A structure no longer safe to occupy
The urgency stemmed from a professional engineer’s inspection conducted after a recent blaze beneath the bridge. The report described visible concrete spalling and delamination, warning that heat exposure had “potentially compromis[ed] the bridge’s overall structural integrity.”
The engineer recorded that “there are clear and visible signs of concrete spalling on the soffit of the bridge, which poses an immediate safety hazard,” and cautioned that reinforcement corrosion could follow if urgent repairs were not undertaken. Access to critical structural elements was blocked by informal dwellings, preventing proper assessment.
Most starkly, the report recommended the “immediate removal of the occupants under or adjacent to the damaged portions of the bridge to provide safe access and prevent further fire-related risks,” adding that the situation should be treated “with the highest level of urgency.”
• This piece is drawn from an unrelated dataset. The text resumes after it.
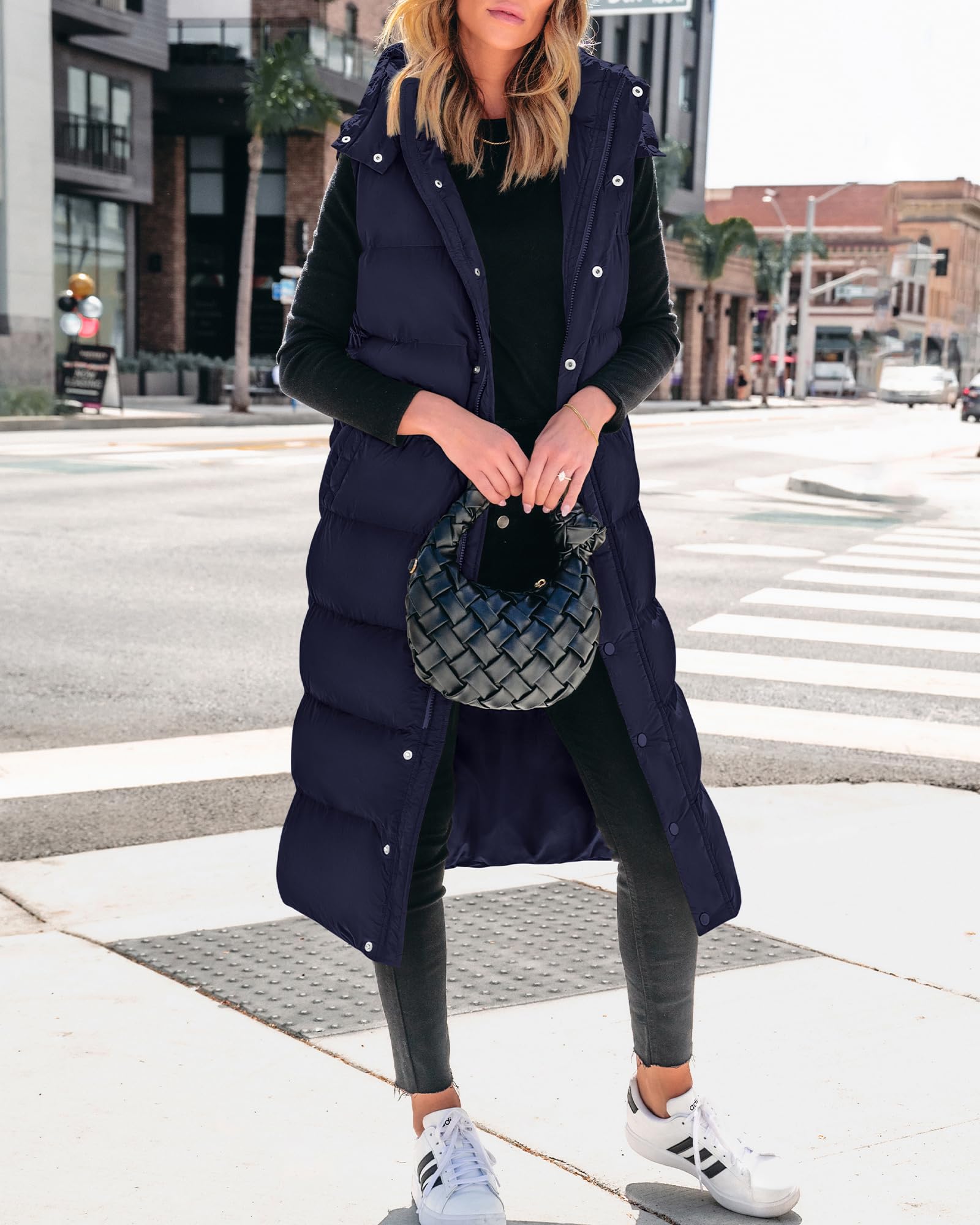 FreshPretty Long Puffer Vest Women Quilted Hooded Button Down Zip Up Sleeveless Vests Outerwear Padded Jacket Fall Winter Coat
The City itself did not dispute the danger. In its papers, it accepted that the occupiers’ continued presence presented “an immediate and demonstrable risk to life, limb and public safety.”
Procedure debated, safety decisive
Although the municipality raised concerns about whether the correct statutory route under the Prevention of Illegal Eviction Act had been followed, it did not oppose the removal in principle. The judge made it clear that technical arguments could not stand in the way of preventing potential injury or death.
“Urgent matters require rapid decision making,” the court said, noting that lengthy notice periods would “unduly delay and may defeat the object of preventing harm or even death.”
The court added that “the urgent removal of the occupiers has become non-negotiable,” emphasising that there was no realistic prospect of anyone being allowed to return to live under a structurally compromised bridge.
A home needs land, not just materials
Where the judgment becomes particularly pointed is in its treatment of the City’s housing response. The municipality argued that it faces overwhelming housing pressure and limited land. It offered emergency housing kits costing about R15 000 each, but said occupiers would need to find their own sites and assemble the structures themselves.
The judge rejected that approach in unusually direct language. “The idea that indigent South Africans … will simply be provided emergency housing kits … and be left to go and look for land, demonstrates how the City has no feeling of concern for the issue of land,” the judgment reads.
In a passage that cuts to the heart of the dispute, the court said, “there can be no ‘home’ without a place. Place is land. It is location,” before adding, “how the City can elevate and equate movable material to land … escapes my logic.”
The court found that the municipality had known for months that occupation under the bridge was unsafe and could not now claim that emergency arrangements were impossible.
The final order
The occupiers must vacate the specified portion of the property within 10 court days and are interdicted from re-entering or erecting structures there. The sheriff, assisted by police if necessary, may remove anyone who refuses to leave and clear incomplete structures.
Most significantly, the City must provide reasonable and emergency accommodation within seven days and must pay the costs of the application.